(Stored items)
┌──

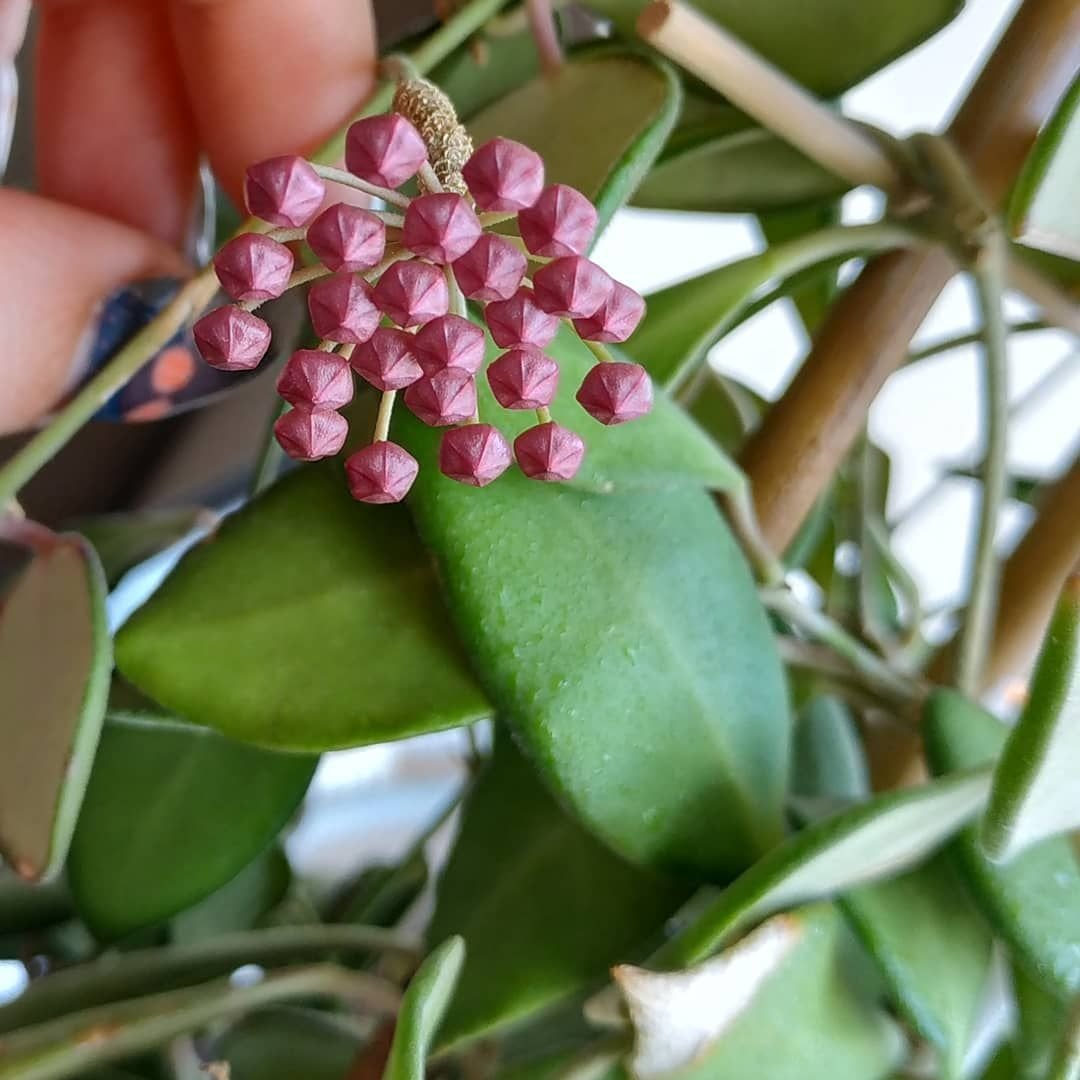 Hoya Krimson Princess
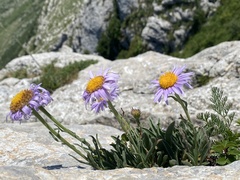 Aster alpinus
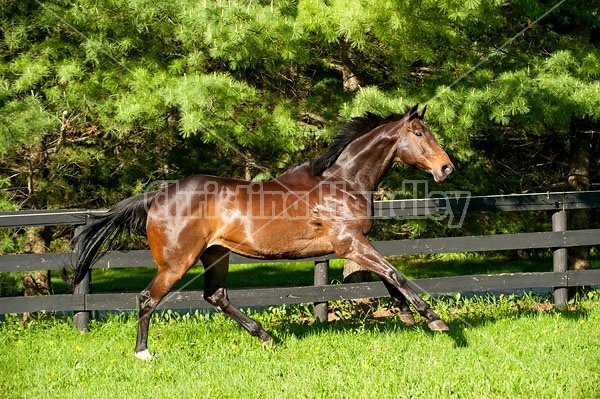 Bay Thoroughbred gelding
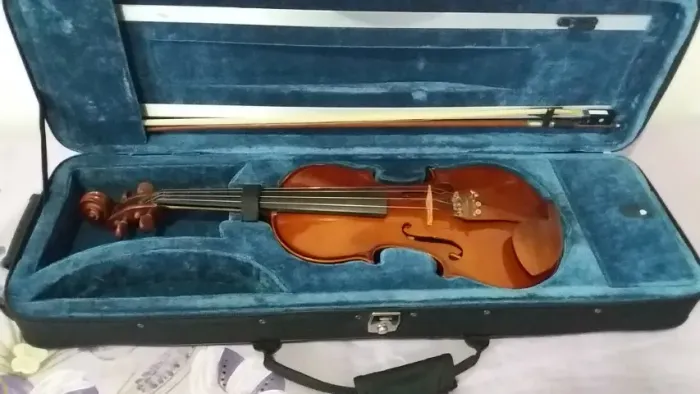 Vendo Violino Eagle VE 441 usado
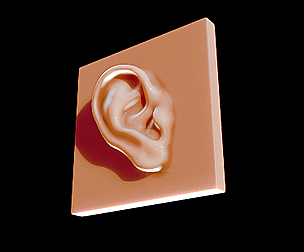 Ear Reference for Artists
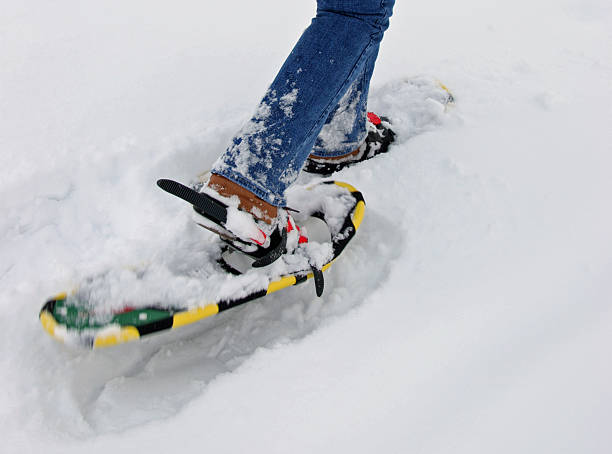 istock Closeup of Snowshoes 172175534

└──

Set the pictures aside and transcribe the data above exactly.

 Hoya Krimson Princess
 Aster alpinus
 Bay Thoroughbred gelding
 Vendo Violino Eagle VE 441 usado
 Ear Reference for Artists
 istock Closeup of Snowshoes 172175534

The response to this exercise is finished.